What you have to do: Pictures in the records below must be left out. Return exactly the lines from the line with "Appartement F4 &agrave;" to the line with "Appartement SAINT-ÉTIENNE secteur", both included.

START Provided records

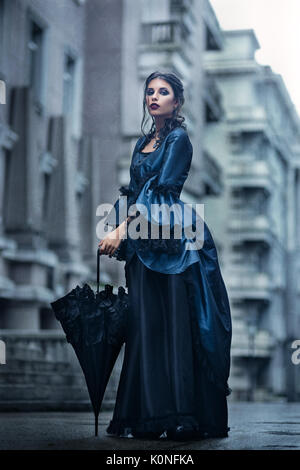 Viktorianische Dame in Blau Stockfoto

END Provided records
START Provided records

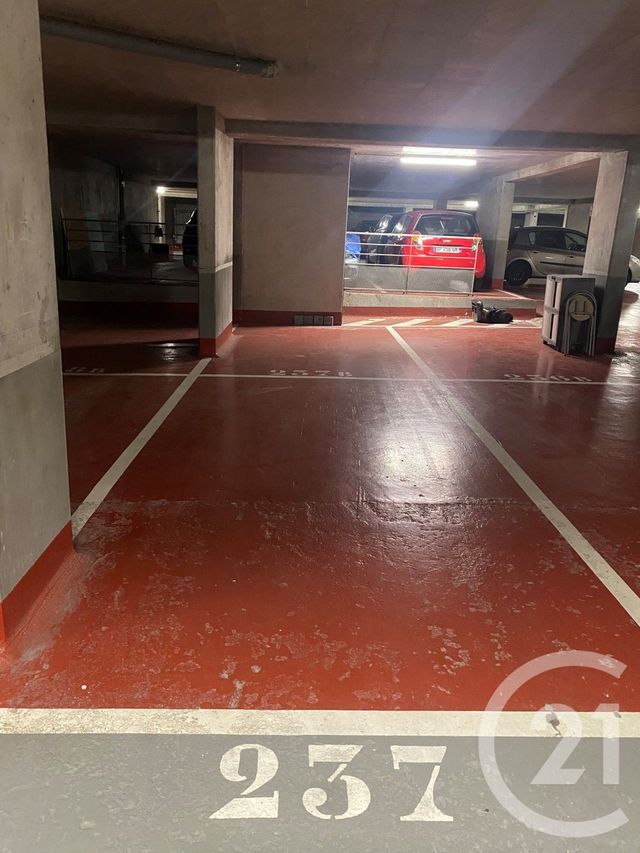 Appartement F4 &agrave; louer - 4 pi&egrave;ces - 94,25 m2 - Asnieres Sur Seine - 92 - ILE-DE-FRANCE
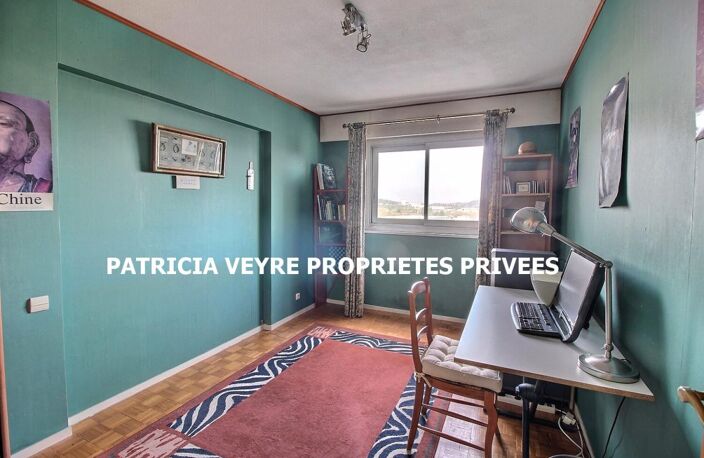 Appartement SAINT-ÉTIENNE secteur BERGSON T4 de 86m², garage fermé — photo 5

END Provided records

Output:
 Appartement F4 &agrave; louer - 4 pi&egrave;ces - 94,25 m2 - Asnieres Sur Seine - 92 - ILE-DE-FRANCE
 Appartement SAINT-ÉTIENNE secteur BERGSON T4 de 86m², garage fermé — photo 5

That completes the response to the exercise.